Hitachi Unveils Roving Security Robot

Hitachi is working on an R2D2-like security robot on wheels that can map out its surroundings using infrared sensors and a camera to detect missing items, suspicious packages and intruders.

The 22-inch tall robot, which looks like a trash can and is reminiscent of the small, beeping robot in "Star Wars," has a swiveling camera that protrudes like a periscope, enabling it to watch for suspicious changes in the landscape and send photos to a guard, Hitachi said Tuesday.

The Japanese electronics maker has no commercial product plans so far but believes the roving robot, which can figure out the best route to a spot on its own, is better than the stationary cameras now common for security, researcher Toshio Moriya said.

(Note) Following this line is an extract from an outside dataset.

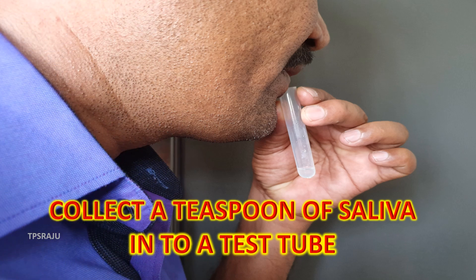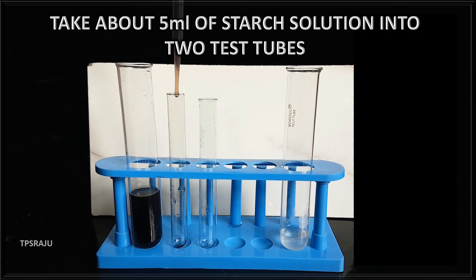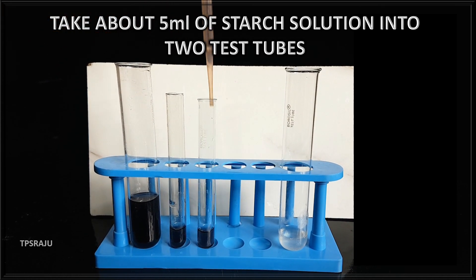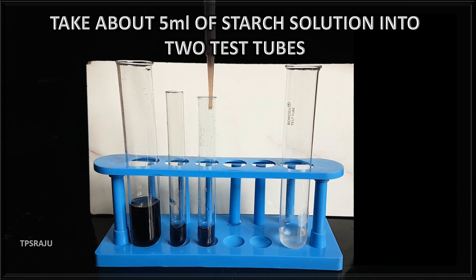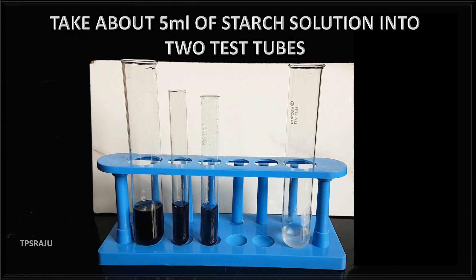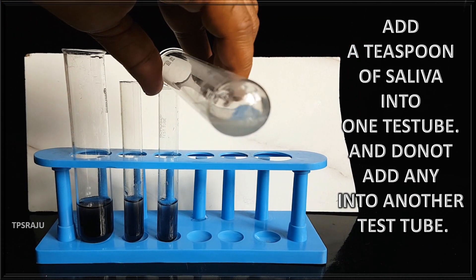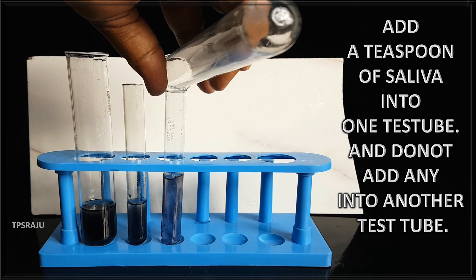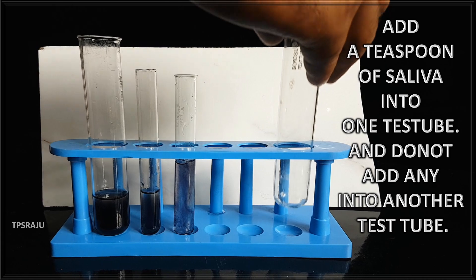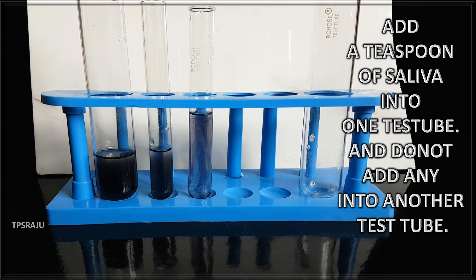Next, collect a teaspoon of saliva into a test tube. Take two clean test tubes and add 5 ml of starch solution into both. Add a teaspoon of saliva into one test tube, and do not add anything into the other. Leave them for a few minutes and observe carefully.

The prototype, which has a laptop aboard with a wireless connection, still has plenty of hurdles to clear, such as prolonging battery life, company officials said. And it can't dodge obstacles or recognize things smaller than a coke bottle.

Tokyo-based Hitachi didn't even show the robot to reporters, saying it was being upgraded. Shown instead were video clips of the machine scuttling around an office like a vacuum cleaner.

Various universities and companies, including Japanese automaker Honda Motor Co., have created and displayed robots that recognize its location and movements.

But many such robots require marks on the floor to pick up on its cameras. Another way robots figure out where they are is by global position system, using satellites.